KEJAHATAN siber dengan modus spoofing-social engineering kembali terulang. Korban terbaru bermodus pengiriman file APK yang disarukan seolah-olah surat pemberitahuan tilang, membuat korban mengalami kerugian hingga Rp 2,3 miliar setelah rekening banknya dikuras pelaku.
Realitas menunjukan, dalam menjalankan aksinya, pelaku kejahatan siber tidak melulu mengandalkan teknologi. Ia juga memanfaatkan kelengahan dan faktor psikologis korbannya. Hal inilah yang disebut social engineering yang salah satu modusnya berupa spoofing.
“Spoofing”
Referensi tentang spoofing antara lain dipublikasikan oleh Federal Bureau of Investigation (FBI) AS dengan judul “Spoofing and Phishing” (2023).
FBI menyebut, spoofing adalah tindakan di mana seseorang menyamarkan alamat email, nama pengirim, nomor telepon, atau URL situs web.
Menurut FBI, spoofing adalah salah satu teknik kejahatan siber yang tujuannya sama dengan phishing. Modusnya mengelabui atau memikat korban agar mengambil umpan tersebut.
Penipuan ini dirancang agar korban memberikan informasi seperti username dan password mobile banking secara tanpa sadar.
Awalnya, spoofing adalah modus berupa menyarukan URL atau nama domain internet.
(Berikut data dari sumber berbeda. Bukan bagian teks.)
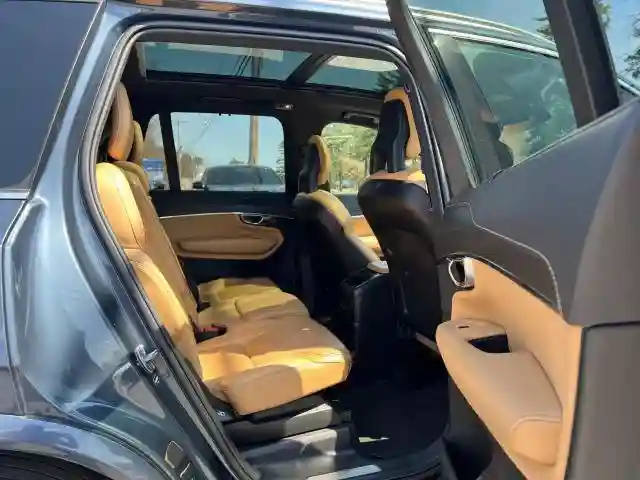 YV4BR0CL8M1708756 2021 VOLVO XC90 T8 RE-5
Penipu seringkali hanya mengubah satu huruf, simbol, atau angka untuk meyakinkan dan membuat korban mengira bahwa ia berinteraksi dengan email atau web terpercaya.
Pelaku secara cerdik kemudian mengarahkan korban untuk melakukan tindakan tertentu, atau berkunjung ke web palsu untuk mengisi data pribadi.
Spoofing secara umum merupakan tindakan pelaku kejahatan siber menyamar sebagai entitas atau perangkat tepercaya, sehingga korban kemudian melakukan sesuatu bagi peretas.
Setiap kali pelaku melakukan penyamaran identitas sebagai orang lain, maka itulah yang disebut spoofing.
Spoofing dapat dilakukan dengan formula dan tingkat kerumitan teknis beragam, termasuk dengan kombinasi elemen social engineering.
Pelaku memanipulasi korbannya secara psikologis dengan mempermainkan kerentanan individu seperti rasa takut, keinginan dan ambisi, atau kondisi gagap teknologi.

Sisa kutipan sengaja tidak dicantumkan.